**What is being asked**
Look below for the line that contains "Rancho Cucamonga Quakes Bobblehead", and write out exactly that line and all remaining lines of the listing, omitting pictures.

□ □ □

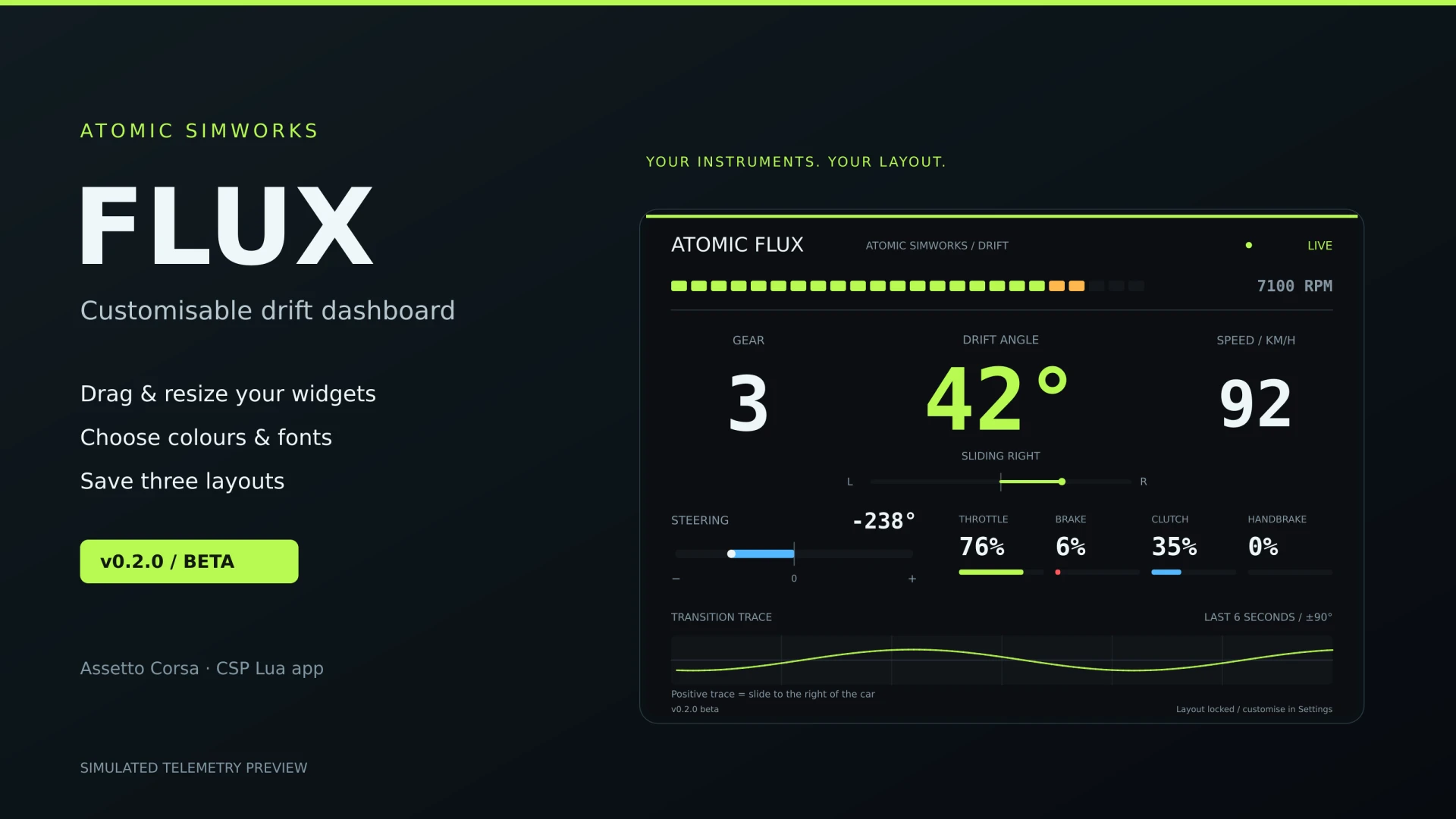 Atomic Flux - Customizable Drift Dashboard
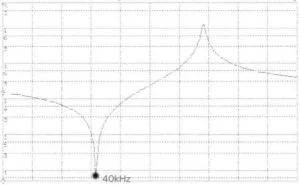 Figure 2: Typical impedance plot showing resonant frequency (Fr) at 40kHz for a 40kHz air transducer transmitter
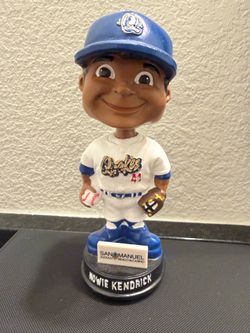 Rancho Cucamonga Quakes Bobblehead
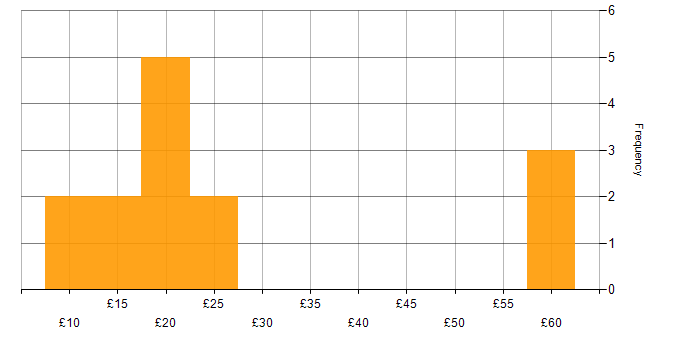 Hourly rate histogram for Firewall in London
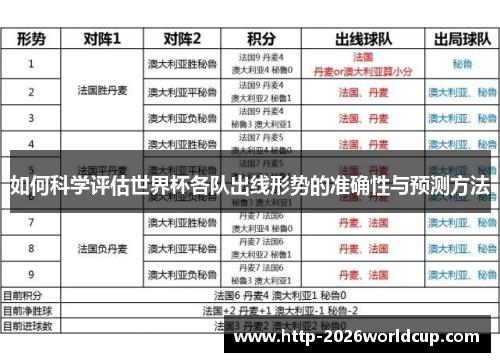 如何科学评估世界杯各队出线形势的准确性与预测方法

□ □ □

**Result**
 Rancho Cucamonga Quakes Bobblehead
 Hourly rate histogram for Firewall in London
 如何科学评估世界杯各队出线形势的准确性与预测方法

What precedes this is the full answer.